Your answer is the lines below, exactly, from the one that contains "Téléchargez les photos" through the one that contains "Students gather around", both included.

START DATASET RECORDS

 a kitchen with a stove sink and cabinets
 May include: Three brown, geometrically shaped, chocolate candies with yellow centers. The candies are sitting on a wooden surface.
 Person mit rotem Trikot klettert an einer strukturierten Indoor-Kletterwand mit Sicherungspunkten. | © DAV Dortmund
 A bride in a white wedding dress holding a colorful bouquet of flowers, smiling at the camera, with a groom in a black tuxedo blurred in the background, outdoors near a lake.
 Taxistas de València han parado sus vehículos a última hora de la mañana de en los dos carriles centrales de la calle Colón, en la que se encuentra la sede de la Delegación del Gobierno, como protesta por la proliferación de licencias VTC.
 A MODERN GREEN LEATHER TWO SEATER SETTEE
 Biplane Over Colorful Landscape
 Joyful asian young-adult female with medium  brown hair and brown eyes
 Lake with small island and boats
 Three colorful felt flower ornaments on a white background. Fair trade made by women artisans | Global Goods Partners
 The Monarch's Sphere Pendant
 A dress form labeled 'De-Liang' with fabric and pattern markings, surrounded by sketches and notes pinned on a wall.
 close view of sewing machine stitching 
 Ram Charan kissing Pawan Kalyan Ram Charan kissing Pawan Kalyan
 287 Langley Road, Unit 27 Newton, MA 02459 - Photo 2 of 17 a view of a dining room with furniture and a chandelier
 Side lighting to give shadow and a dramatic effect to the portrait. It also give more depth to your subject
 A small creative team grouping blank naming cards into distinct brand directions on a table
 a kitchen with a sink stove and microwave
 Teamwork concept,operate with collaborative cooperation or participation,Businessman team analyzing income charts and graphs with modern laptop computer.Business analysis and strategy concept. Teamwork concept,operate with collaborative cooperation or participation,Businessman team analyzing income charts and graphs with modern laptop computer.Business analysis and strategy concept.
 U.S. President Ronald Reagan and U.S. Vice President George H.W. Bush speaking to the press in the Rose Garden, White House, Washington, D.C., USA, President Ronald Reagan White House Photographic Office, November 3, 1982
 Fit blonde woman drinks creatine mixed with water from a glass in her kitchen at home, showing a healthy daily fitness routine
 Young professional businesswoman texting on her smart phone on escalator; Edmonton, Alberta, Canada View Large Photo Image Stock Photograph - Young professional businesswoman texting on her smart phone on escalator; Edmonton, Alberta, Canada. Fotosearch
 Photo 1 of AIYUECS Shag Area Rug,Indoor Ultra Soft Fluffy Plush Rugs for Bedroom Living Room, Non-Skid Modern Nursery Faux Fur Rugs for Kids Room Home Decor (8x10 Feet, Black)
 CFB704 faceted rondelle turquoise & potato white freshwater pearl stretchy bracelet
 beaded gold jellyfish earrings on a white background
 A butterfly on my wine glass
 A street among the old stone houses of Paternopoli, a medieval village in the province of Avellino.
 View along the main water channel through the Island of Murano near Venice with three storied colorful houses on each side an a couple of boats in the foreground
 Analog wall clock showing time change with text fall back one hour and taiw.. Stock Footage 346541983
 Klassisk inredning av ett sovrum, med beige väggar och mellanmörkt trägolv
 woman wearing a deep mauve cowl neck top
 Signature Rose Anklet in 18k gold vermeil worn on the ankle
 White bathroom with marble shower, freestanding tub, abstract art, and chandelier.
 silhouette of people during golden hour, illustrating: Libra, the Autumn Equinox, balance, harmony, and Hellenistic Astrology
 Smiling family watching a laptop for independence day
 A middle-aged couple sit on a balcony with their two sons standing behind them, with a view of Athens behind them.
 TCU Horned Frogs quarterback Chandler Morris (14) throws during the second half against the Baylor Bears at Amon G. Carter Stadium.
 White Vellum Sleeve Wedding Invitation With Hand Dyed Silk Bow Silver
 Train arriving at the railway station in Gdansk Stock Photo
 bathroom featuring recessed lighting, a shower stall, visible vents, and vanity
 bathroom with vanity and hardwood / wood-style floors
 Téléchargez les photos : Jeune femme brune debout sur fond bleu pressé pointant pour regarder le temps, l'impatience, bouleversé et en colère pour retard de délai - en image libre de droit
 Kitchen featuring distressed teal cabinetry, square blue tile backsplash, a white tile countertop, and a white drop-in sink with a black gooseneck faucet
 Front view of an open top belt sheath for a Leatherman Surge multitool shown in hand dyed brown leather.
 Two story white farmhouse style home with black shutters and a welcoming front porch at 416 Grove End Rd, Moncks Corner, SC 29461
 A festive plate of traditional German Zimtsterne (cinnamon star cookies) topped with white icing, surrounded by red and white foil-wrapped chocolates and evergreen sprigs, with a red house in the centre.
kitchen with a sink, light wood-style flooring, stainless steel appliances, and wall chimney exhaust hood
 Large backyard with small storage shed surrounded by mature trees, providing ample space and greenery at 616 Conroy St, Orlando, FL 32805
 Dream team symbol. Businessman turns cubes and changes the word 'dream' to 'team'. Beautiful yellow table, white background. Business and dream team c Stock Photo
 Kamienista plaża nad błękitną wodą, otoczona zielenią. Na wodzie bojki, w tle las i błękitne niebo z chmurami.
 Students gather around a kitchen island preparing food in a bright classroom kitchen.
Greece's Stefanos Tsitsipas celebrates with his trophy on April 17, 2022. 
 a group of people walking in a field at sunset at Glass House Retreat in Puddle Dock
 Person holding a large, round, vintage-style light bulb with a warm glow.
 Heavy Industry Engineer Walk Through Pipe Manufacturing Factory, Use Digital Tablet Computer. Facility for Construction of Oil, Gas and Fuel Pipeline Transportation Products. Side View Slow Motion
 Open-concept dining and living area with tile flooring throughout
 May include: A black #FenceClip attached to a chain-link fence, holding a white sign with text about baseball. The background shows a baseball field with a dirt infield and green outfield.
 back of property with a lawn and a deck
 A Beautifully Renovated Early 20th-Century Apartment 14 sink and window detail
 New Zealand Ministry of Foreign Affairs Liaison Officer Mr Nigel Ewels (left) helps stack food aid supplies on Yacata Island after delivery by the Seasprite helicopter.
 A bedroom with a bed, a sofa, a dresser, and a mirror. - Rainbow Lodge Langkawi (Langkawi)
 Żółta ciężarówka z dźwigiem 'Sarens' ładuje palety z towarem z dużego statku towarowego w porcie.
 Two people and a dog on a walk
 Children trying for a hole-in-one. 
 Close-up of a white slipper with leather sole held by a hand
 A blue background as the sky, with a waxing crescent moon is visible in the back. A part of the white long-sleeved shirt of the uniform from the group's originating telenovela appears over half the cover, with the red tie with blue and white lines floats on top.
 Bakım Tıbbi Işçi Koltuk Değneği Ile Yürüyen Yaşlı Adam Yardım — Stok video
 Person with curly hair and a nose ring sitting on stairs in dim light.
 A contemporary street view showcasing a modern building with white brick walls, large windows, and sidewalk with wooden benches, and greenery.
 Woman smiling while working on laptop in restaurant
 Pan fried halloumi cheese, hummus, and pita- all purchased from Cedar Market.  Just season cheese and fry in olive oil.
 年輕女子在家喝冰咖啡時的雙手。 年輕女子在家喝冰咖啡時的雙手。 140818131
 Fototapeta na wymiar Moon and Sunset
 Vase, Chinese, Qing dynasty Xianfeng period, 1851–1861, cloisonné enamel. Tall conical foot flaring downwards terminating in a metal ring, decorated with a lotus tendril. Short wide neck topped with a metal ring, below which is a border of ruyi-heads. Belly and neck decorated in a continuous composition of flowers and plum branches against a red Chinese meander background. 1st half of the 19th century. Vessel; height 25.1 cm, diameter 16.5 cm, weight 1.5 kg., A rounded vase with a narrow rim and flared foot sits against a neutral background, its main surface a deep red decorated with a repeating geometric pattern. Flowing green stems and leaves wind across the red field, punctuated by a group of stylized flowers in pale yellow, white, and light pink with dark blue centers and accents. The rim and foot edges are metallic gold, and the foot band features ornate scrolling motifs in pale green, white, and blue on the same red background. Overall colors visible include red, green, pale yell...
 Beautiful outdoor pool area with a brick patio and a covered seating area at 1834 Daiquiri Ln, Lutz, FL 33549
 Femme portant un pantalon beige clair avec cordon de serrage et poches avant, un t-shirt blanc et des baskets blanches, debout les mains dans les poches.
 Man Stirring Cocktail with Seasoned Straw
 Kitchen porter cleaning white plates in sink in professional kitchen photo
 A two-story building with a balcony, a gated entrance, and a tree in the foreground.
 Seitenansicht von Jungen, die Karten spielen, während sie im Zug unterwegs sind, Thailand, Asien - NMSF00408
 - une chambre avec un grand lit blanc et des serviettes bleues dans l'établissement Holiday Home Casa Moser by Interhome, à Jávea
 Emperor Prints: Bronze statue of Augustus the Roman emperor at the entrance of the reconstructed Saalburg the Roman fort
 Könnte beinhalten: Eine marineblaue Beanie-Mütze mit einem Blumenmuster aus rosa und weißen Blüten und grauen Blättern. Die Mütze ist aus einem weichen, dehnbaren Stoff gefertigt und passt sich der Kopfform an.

END DATASET RECORDS

_SOLUTION BELOW_.
 Téléchargez les photos : Jeune femme brune debout sur fond bleu pressé pointant pour regarder le temps, l'impatience, bouleversé et en colère pour retard de délai - en image libre de droit
 Kitchen featuring distressed teal cabinetry, square blue tile backsplash, a white tile countertop, and a white drop-in sink with a black gooseneck faucet
 Front view of an open top belt sheath for a Leatherman Surge multitool shown in hand dyed brown leather.
 Two story white farmhouse style home with black shutters and a welcoming front porch at 416 Grove End Rd, Moncks Corner, SC 29461
 A festive plate of traditional German Zimtsterne (cinnamon star cookies) topped with white icing, surrounded by red and white foil-wrapped chocolates and evergreen sprigs, with a red house in the centre.
kitchen with a sink, light wood-style flooring, stainless steel appliances, and wall chimney exhaust hood
 Large backyard with small storage shed surrounded by mature trees, providing ample space and greenery at 616 Conroy St, Orlando, FL 32805
 Dream team symbol. Businessman turns cubes and changes the word 'dream' to 'team'. Beautiful yellow table, white background. Business and dream team c Stock Photo
 Kamienista plaża nad błękitną wodą, otoczona zielenią. Na wodzie bojki, w tle las i błękitne niebo z chmurami.
 Students gather around a kitchen island preparing food in a bright classroom kitchen.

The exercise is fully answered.